Однако неужели невозможно быть верным неведомому и неопределимому Богу? Неужели мы обречены на вечное возвращение постмодернистской мысли? Быть может, единственная адекватная «естественная теология» находится в области духовного опыта. Я не имею в виду пылкое и эмоциональное благочестие. Как мы уже видели, теологи и духовные наставники прошлого с подозрением относились к подобному религиозному «позитивизму». Шлейермахер и Бультман, Ранер и Лонерган призывали нас не искать экзотического опыта, а отмечать, как в самых обыденных вещах ум выводит нас в трансцендентное. Следует не искать Бога где-то «вовне» ( foris ), во вселенной, а обратить взор в глубь себя и осознать, как самые обычные реакции переходят в «инаковость» (об этом есть и у Августина). Мы видим, что учителя вроде Дионисия использовали саму ограниченность языка, чтобы обратить внимание на молчание, лежащее по ту сторону речи. Неслучайно говорят, что музыка, которую мы в начале книги определили как деятельность рациональную, представляет собой «естественную теологию». [1048] В музыке ум переживает чистую и непосредственную эмоцию, которая выходит за рамки «я», где смешиваются объективность и субъективность.

Как неоднократно подчеркивал Василий Великий, «усия» Бога непознаваема: со своим ограниченным чувственным восприятием мы можем лишь улавливать ее следы («энергии»). Очевидно, что медитация, йога и ритуалы, оказывающие эстетическое воздействие на конгрегацию, способны серьезно изменить личность, если их прилежно соблюдать годами (чем не «естественная теология»?) Никаких эффектных «рождений свыше», – лишь медленная, постепенная, неощутимая трансформация. Особенно же практика сострадания и исполнения «золотого правила» «денно и нощно» требует постоянного кеносиса. Непрестанный выход за рамки собственных предпочтений, убеждений и предрассудков приносит ekstasis , который не есть упоительный экстаз, а сам собой представляет трансцендентность. Об этом говорил, в частности, ученик Конфуция Янь Хуэй. В результате подобных практик мы не получаем ни точной информации о Боге, ни уж тем более – научного «доказательства». Однако нечто необъяснимое совершается с людьми, которые отдают им свои силы и способности. Людям внешним этого не понять, как и обряды элевсинской мистерии показались бы банальными и глупыми тем, кто упрямо оставался за пределами Культового зала и отказывался пройти инициацию.

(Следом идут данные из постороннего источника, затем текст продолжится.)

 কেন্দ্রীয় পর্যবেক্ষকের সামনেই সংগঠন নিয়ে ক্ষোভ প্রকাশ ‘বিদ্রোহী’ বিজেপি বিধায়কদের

Подобно древним верховным богам, отдаленный Бог философов мало-помалу исчезает из людских душ. Новое время с его «научной религией» вывело Бога вовне, как блейковского «Тигра» – «в небеса и глубины». Однако более древняя религия сознательно гуманизировала сакральное. Брахман – это не отдаленная реальность: он тождествен Атману каждого существа. Конфуций отказывался давать определение понятию «жэнь» (впоследствии его переводили как «гуманность»), ибо оно непостижимо для того, кто не знаком с ним по личному опыту. Однако обычным значением этого слова во времена Конфуция было просто «человек»! Соответственно, речь идет о «человечности». Святость – это не «сверхъестественное» явление: как объяснял конфуцианец Сюнь-цзы, она есть тщательно культивируемый подход, который делает человека тоньше, возвышает его природу на богоподобный уровень. [1049] Когда буддисты размышляли о спокойствии, уравновешенности и самоотверженности Будды, они приходили к мысли, что в нем явлена непостижимая Нирвана. Будда как бы есть Нирвана, выраженная человеческим языком. Они также знали, что это состояние достижимо для людей: если они будут следовать буддийскому методу, они и сами его обретут. Сходный опыт был у христиан, когда подражание Христу приносило им «обожение» ( теосис ).